● **Task prompt**
The answer must reproduce the listing exactly, with every picture left out.

● **Dataset content**
=== Begin Enclosure ===
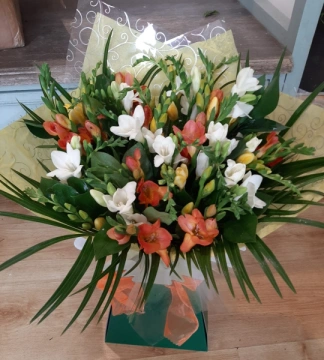 mixed-freesia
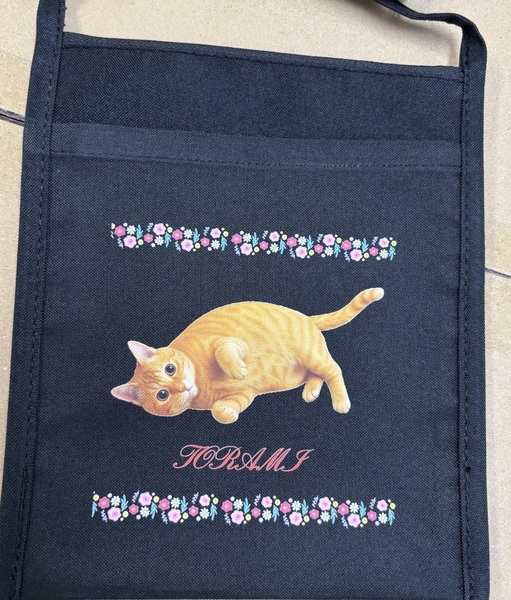 レビュー投稿の拡大画像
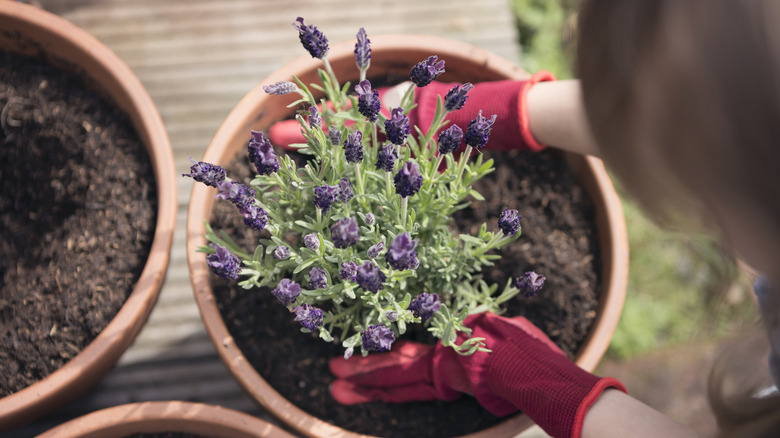 A woman wearing red gloves plants lavender in a pot.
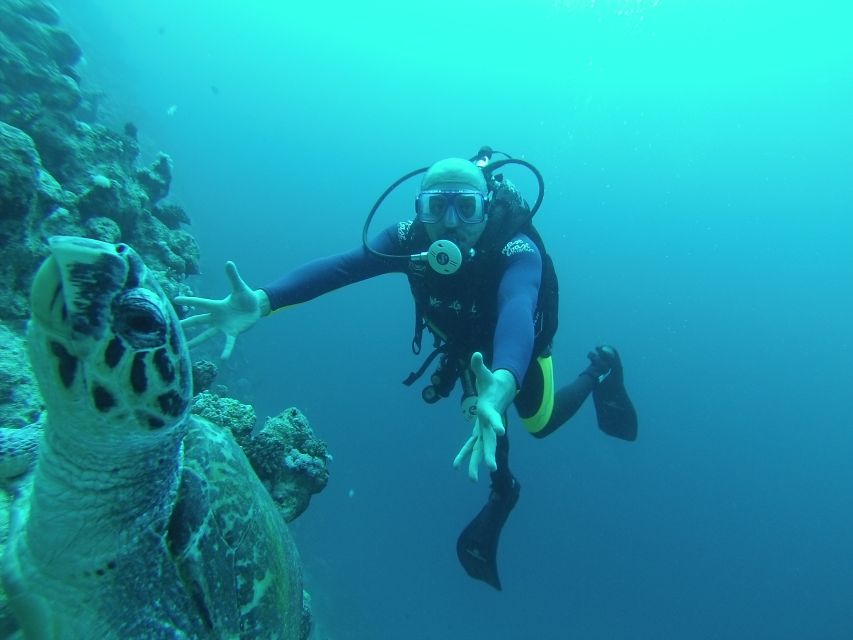 Sharm El Sheikh: Ras Mohamed & White Island Snorkel or Dive - Two reef sessions at Ras Mohamed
=== End Enclosure ===
● **Output of the exercise**
 mixed-freesia
 レビュー投稿の拡大画像
 A woman wearing red gloves plants lavender in a pot.
 Sharm El Sheikh: Ras Mohamed & White Island Snorkel or Dive - Two reef sessions at Ras Mohamed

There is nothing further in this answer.